### Your goal
The data that follows should be copied out exactly.

Records from a collection
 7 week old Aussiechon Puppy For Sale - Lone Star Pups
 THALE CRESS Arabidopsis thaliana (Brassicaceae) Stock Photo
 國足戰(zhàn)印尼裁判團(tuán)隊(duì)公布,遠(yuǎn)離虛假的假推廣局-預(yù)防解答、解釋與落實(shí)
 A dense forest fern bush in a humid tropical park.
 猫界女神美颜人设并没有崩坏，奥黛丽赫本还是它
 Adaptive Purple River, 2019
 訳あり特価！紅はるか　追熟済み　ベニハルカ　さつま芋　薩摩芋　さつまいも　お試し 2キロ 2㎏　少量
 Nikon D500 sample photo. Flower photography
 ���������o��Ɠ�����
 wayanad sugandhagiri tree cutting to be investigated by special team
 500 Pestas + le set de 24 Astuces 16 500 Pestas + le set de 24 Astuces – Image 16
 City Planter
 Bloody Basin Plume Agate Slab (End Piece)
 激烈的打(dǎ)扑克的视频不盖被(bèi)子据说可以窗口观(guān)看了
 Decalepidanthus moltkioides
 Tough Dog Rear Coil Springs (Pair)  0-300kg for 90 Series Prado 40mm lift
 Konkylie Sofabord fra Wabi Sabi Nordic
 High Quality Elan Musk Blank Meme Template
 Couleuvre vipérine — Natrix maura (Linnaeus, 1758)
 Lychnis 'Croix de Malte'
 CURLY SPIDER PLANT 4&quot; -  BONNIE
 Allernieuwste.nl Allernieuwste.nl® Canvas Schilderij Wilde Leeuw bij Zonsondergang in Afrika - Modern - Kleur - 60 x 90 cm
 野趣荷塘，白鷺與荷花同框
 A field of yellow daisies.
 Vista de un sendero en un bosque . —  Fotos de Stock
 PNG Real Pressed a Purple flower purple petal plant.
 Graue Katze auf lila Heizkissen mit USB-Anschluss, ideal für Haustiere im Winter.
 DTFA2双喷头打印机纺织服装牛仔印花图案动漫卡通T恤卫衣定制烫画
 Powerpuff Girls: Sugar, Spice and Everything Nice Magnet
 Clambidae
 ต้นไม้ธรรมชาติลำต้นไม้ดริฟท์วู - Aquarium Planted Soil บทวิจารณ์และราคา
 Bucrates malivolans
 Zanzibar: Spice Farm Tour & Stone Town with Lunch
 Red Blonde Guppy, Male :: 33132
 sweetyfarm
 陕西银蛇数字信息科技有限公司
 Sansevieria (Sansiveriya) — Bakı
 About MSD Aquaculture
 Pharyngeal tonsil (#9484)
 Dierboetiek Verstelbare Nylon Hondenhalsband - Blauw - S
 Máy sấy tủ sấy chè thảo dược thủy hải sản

### Answer box
 7 week old Aussiechon Puppy For Sale - Lone Star Pups
 THALE CRESS Arabidopsis thaliana (Brassicaceae) Stock Photo
 國足戰(zhàn)印尼裁判團(tuán)隊(duì)公布,遠(yuǎn)離虛假的假推廣局-預(yù)防解答、解釋與落實(shí)
 A dense forest fern bush in a humid tropical park.
 猫界女神美颜人设并没有崩坏，奥黛丽赫本还是它
 Adaptive Purple River, 2019
 訳あり特価！紅はるか　追熟済み　ベニハルカ　さつま芋　薩摩芋　さつまいも　お試し 2キロ 2㎏　少量
 Nikon D500 sample photo. Flower photography
 ���������o��Ɠ�����
 wayanad sugandhagiri tree cutting to be investigated by special team
 500 Pestas + le set de 24 Astuces 16 500 Pestas + le set de 24 Astuces – Image 16
 City Planter
 Bloody Basin Plume Agate Slab (End Piece)
 激烈的打(dǎ)扑克的视频不盖被(bèi)子据说可以窗口观(guān)看了
 Decalepidanthus moltkioides
 Tough Dog Rear Coil Springs (Pair)  0-300kg for 90 Series Prado 40mm lift
 Konkylie Sofabord fra Wabi Sabi Nordic
 High Quality Elan Musk Blank Meme Template
 Couleuvre vipérine — Natrix maura (Linnaeus, 1758)
 Lychnis 'Croix de Malte'
 CURLY SPIDER PLANT 4&quot; -  BONNIE
 Allernieuwste.nl Allernieuwste.nl® Canvas Schilderij Wilde Leeuw bij Zonsondergang in Afrika - Modern - Kleur - 60 x 90 cm
 野趣荷塘，白鷺與荷花同框
 A field of yellow daisies.
 Vista de un sendero en un bosque . —  Fotos de Stock
 PNG Real Pressed a Purple flower purple petal plant.
 Graue Katze auf lila Heizkissen mit USB-Anschluss, ideal für Haustiere im Winter.
 DTFA2双喷头打印机纺织服装牛仔印花图案动漫卡通T恤卫衣定制烫画
 Powerpuff Girls: Sugar, Spice and Everything Nice Magnet
 Clambidae
 ต้นไม้ธรรมชาติลำต้นไม้ดริฟท์วู - Aquarium Planted Soil บทวิจารณ์และราคา
 Bucrates malivolans
 Zanzibar: Spice Farm Tour & Stone Town with Lunch
 Red Blonde Guppy, Male :: 33132
 sweetyfarm
 陕西银蛇数字信息科技有限公司
 Sansevieria (Sansiveriya) — Bakı
 About MSD Aquaculture
 Pharyngeal tonsil (#9484)
 Dierboetiek Verstelbare Nylon Hondenhalsband - Blauw - S
 Máy sấy tủ sấy chè thảo dược thủy hải sản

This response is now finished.